Binder to AMS. FinishReceiver – BroadcastQueue. ProcessNextBroadcastLocked – cancelBroadcastTimeoutLocked – BroadcastHandler.removeMessages

  1. Execute delay message

BroadcastHandler – BroadcastQueue. BroadcastTimeoutLocked – AppNotResponding. The run – > ProcessRecord. AppNotResponding

ContentProvider timeout

  1. Sending delay messages

Binder to AMS. AttachApplication – attachApplicationLocked – MainHandler. SendMessageDelayed

static final int CONTENT_PROVIDER_PUBLISH_TIMEOUT_MSG = 57;      
if(providers ! =null && checkAppInLaunchingProvidersLocked(app)) {
    Message msg = mHandler.obtainMessage(CONTENT_PROVIDER_PUBLISH_TIMEOUT_MSG);
    msg.obj = app;
    mHandler.sendMessageDelayed(msg, CONTENT_PROVIDER_PUBLISH_TIMEOUT);
}
Copy the code
  1. Remove delay messages

Binder to AMS. PublishContentProviders – MainHandler.

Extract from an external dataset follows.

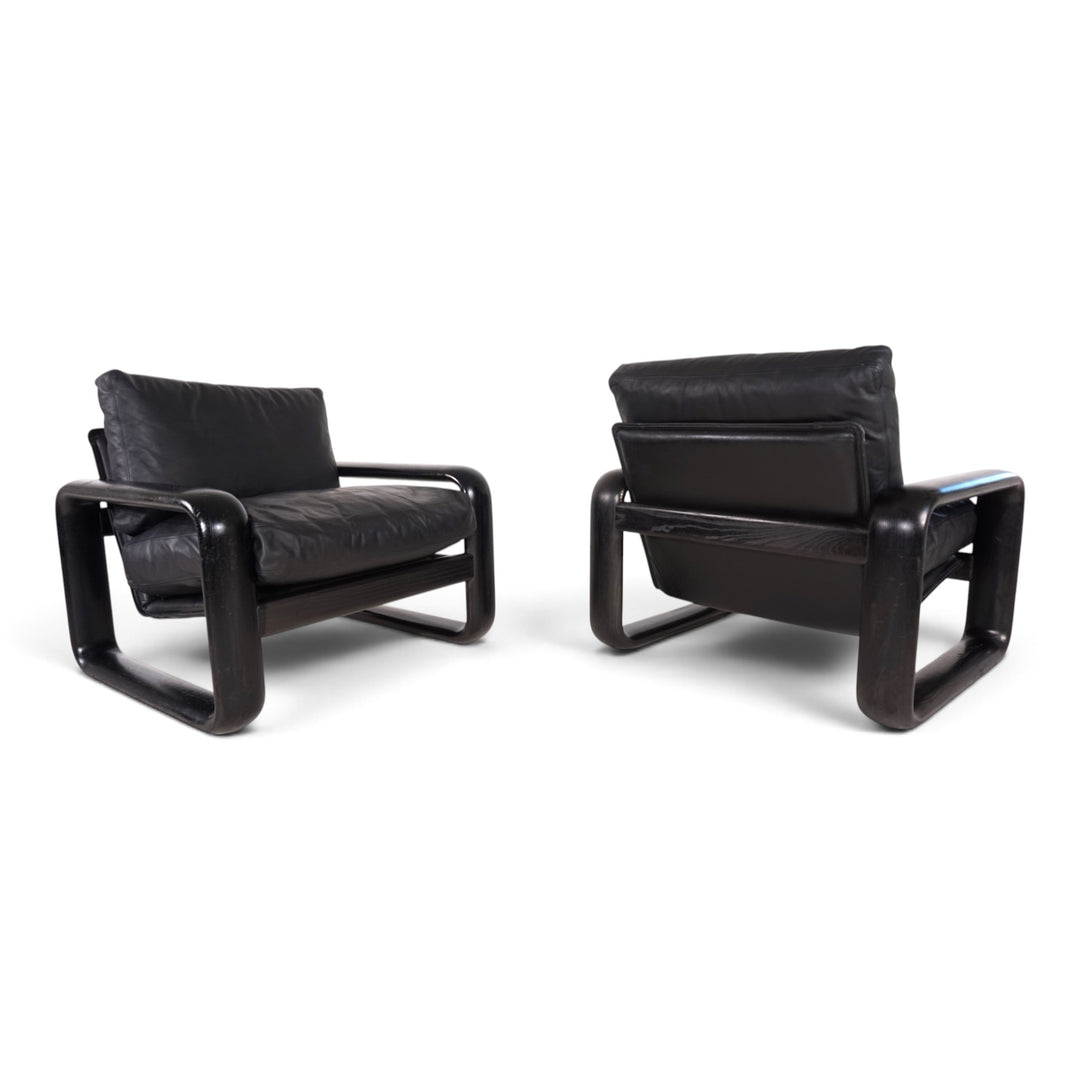 2er Set Rosenthal Hombre Leder Loungesessel von Burkhard Vogtherr, 1970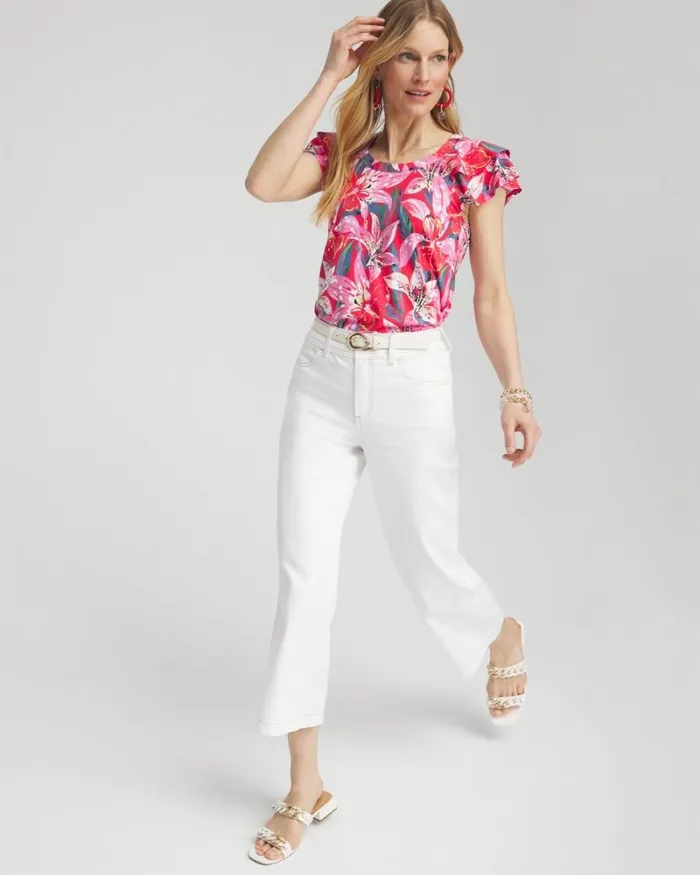 Chico039s Jeans and Denim Cropped Wide Leg Jeans Alabaster 8211 Clothing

RemoveMessages

  1. Execute delay message

Kill the process directly and clean up the associated information, Won’t play ANR MainHandler window – > processContentProviderPublishTimedOutLocked – cleanupAppInLaunchingProvidersLocked – play ProcessList.removeProcessLocked

Input the timeout

void InputDispatcher::processNoFocusedWindowAnrLocked() {
    // Check if the application that we are waiting for is still focused.
    sp<InputApplicationHandle> focusedApplication =
            getValueByKey(mFocusedApplicationHandlesByDisplay, mAwaitedApplicationDisplayId);
    if(focusedApplication == nullptr || focusedApplication->getApplicationToken() ! = mAwaitedFocusedApplication->getApplicationToken()) {// Unexpected because we should have reset the ANR timer when focused application changed
        ALOGE("Waited for a focused window, but focused application has already changed to %s",
              focusedApplication->getName().c_str());
        return; // The focused application has changed.
    }
 
    const sp<InputWindowHandle>& focusedWindowHandle =
            getFocusedWindowHandleLocked(mAwaitedApplicationDisplayId);
    if(focusedWindowHandle ! = nullptr) {return; // We now have a focused window. No need for ANR.
    }
    onAnrLocked(mAwaitedFocusedApplication);
}
Copy the code

The stack is reported as follows:

inputDispatchingTimedOut:20657, ActivityManagerService (com.android.server.am)
inputDispatchingTimedOut:20309, ActivityManagerService$LocalService (com.android.server.am)
keyDispatchingTimedOut:6334, ActivityRecord (com.android.server.wm)
notifyANRInner:261, InputManagerCallback (com.android.server.wm)
notifyANR:179, InputManagerCallback (com.android.server.wm)
notifyANR:2300, InputManagerService (com.android.server.input)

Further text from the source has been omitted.